Bint asheikh relates the story sitting in her dark room that is decorated by a glittery pink curtain and dozens of posters of famous Tijani Sheikhs from Nigeria, Senegal, and Cameroon. The room is inside the zawya (meaning, a combined Quran school and mosque). Her father constructed the space in the heart of N’Djaména in 1973. Sheikh Mahamat Azaraq was a religious leader, scholar, herder, and farmer who has roots in Cameroun and Nigeria. He was a follower of the Senegalese scholar Sheikh Ibrahim Niasse and a prominent student of Sheikh Ahmad Abu al-Fatih al-Yarawi in federal Nigeria. In his turn, Sheikh Ahmad Abu al-Fatih was a student of Sheikh Ibrahim Niasse. Sheikh Mahamat Azaraq was a key player in spreading the Tijani order in Chad. He was one of nine sheikhs to whom Sheikh Ahmad Abu al-Fatih sent a letter, granting them absolute authority over the affairs of the religious order in Chad.

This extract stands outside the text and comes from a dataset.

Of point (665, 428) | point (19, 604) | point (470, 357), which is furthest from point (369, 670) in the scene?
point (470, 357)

Sheikh Mahamat Azaraq passed away in 2001, but he has left an ineffaceable mark on a Fulani and Tijani community that finds itself North, East, South, and West of N’Djaména. Communities from Chad to Cameroon and from Nigeria to Senegal know of his deeds and name and believe in the supernatural interference of the Sheikh in the human world. Like Dourbaly’s inhabitants, who taste, feel, and see the water of the magic well that supposedly has healing qualities. The sensory engagement reflects a worldview of a Fulani community in awe and the continued religious significance of the Sheikh. There is more to the miracle. It brings to attention the object of desire, healing water, in a community that has faced health hazards and water shortages since at least the 1950s.

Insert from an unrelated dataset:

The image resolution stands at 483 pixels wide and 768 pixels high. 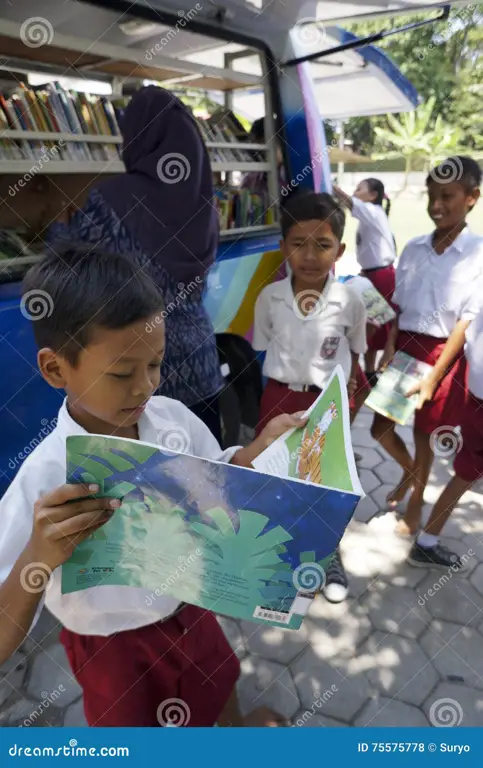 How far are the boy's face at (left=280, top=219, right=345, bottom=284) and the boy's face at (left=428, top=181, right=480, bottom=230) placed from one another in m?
0.51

The authors of this article are Said Aboubakar and Luca Bruls, who met each other around the zawya in the tight streets of Chad’s capital N’Djaména. On a late night walk to the bus, Said expressed his wish to write the life story of the Sheikh and the idea came upon us to collaborate. Not long after, we began our search for what turned out to be much more than the account of a man with Islamic credentials. It uncovered the story of a partially urbanized and sedentarized group of Fulani nomads. Due to new living conditions, as well as the poverty they faced, they adapted their social organization and sought for financial stability through agriculture and what N’Djaména had to offer. Young men did business on the market, while women occasionally sold food and objects within households. The knowledgeable Sheikh played a powerful role in these changes. The more he travelled around for Islamic knowledge and the more Quran schools he constructed, the more he became a man with a large social network and considerable power in his community. Family members followed him in his travels and used his guidance to grow out to spiritual leaders themselves. Pastors’ kids came to study in the city, often leaving their future cattle all together. The Sheikh’s biography and the experiences told by his family members show the importance of Islam in a nomadic group adapting to other lifestyles.

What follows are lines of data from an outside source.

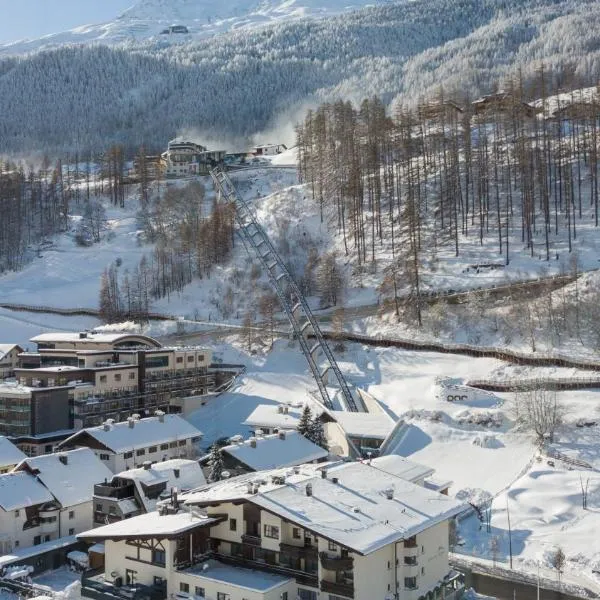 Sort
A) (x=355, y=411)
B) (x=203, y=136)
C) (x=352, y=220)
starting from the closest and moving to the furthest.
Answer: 1. (x=355, y=411)
2. (x=352, y=220)
3. (x=203, y=136)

We toured the urban zones of N’Djaména, frequenting the various neighbourhoods where a melange of born city dwellers and former herders had settled and memorized the twentieth century’s happenings. We bumped our way to Hadjer Lamis, where the rain coloured the fields green and farmers and families with little left of their troops of red cows welcomed us in their moss bricked houses. We crossed the river in Chari Baguirmi, the stretched out fields showing the remains of corn and wheat cultivated by Fulani farmers. As if collecting the golden grains between the sand, bit by bit women like Bint asheikh and Zahra and men like Khalifa (d. 2025) and Modibo, whom we meet later, related their lively memories. They rarely seized to mention the place name Cilcile. In order to arrive there, Sheikh Mahamat Azaraq faced East…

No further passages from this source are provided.